Moody’s said it may review the ratings of several euro-area nations because of developments in Greece and Spain, where growing estimates of the cost of cleaning up banks may prompt a downgrade of the nation’s A3 rating. If Greece leaves the single currency, “posing a threat to the euro’s continued existence,” the company would review all euro-area sovereign ratings, including those of the Aaa nations, it said.
“As Spain moves closer to the need for direct external support from its European partners, the increased risk to the country’s creditors may prompt further rating actions,” Moody’s said in a statement.
Spain’s banking challenges are specific to the country and are still unlikely to threaten contagion to other euro members apart from Italy, Moody’s said.
Dutch Finance Minister Jan Kees de Jager said yesterday he doesn’t rule out the possibility that European finance ministers would discuss Spain today. The situation is “urgent,” he said in the Hague.

‘Rapidity’ Needed

Constancio told reporters in Lisbon that the request should be made “with some rapidity,” and the ECB Executive Board member said the longer it is delayed, the higher the cost might be. Still, Rajoy said he won’t take a decision until he has received the results of stress tests by two international consultants, due by June 21, and a separate report from the International Monetary Fund.
Bankia’s new management asked for 19 billion euros of state support as they went beyond the government’s provisioning rules in their cleanup of the lender.

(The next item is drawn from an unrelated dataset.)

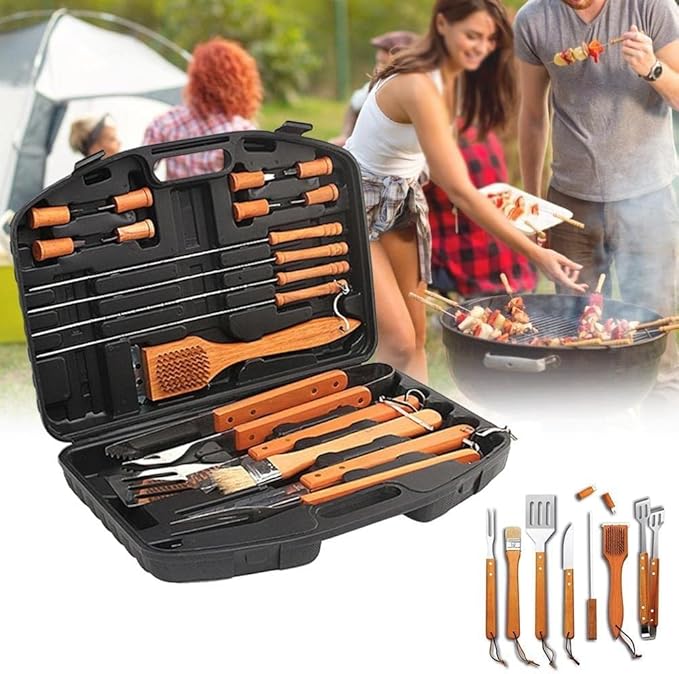 BBQ Tool Set 18-Piece | Stainless Steel with Wooden Handles | Ideal Christmas or Birthday Gift for Men, Dad, and Women Image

Economy Minister Luis de Guindos said two weeks earlier that 15 billion euros would be enough to meet the requirements of the second of two banking decrees he has drafted this year.
Even as the government said Bankia was a specific case, investors extrapolated the losses to the rest of the industry, undermining confidence and the government’s credibility. De Guindos has told banks to take 84 billion euros in additional provisions and capital buffers in two decrees aimed at lending to the real-estate industry.

Confidence Struggle

Spain is struggling to restore confidence in its banks as the government’s narrowing access tocapital markets undermines its ability to provide a backstop. As foreign investors shun its bonds, the Treasury is increasingly dependent on Spanish lenders for funds. Adding to pressure, the nation’s credit rating was cut by Fitch Ratings to within two steps of junk on June 7.
Rajoy, who in November won the biggest majority that any Spanish party has clinched since 1982, is seeing his support slip as austerity measures and steps to bolster lenders fail to stem the crisis that has pushed the unemployment rate to 24 percent. Governments in Greece, Ireland and Portugal were toppled after those three countries took bailouts.
“This won’t be good news for Rajoy,” Jose Ignacio Torreblanca, head of the Madrid office of the European Council on Foreign Relations, said in a telephone interview. “There are questions on whether the government’s handling of Bankia has been deft enough.”

No Comment

Deputy Prime Minister Soraya Saenz de Santamaria declined to comment when asked at a briefing yesterday whether Spain was seeking a rescue. She reiterated the government would wait until getting the reports before making a decision.
A bailout for Spain, reeling from a recession and the bursting of a property bubble, may dwarf previous rescues in the effort to stem the turmoil that began with Greece’s disclosure in 2009 that its finances were in worse shape than was previously known.
Since then, European governments and the IMF have made 386 billion euros in loan pledges to Greece, Ireland and Portugal. Spain’s economy is more than twice the size of the three countries combined. JPMorgan Chase & Co. economist David Mackie said on May 30 that aid for the Spanish government and banks could total 350 billion euros.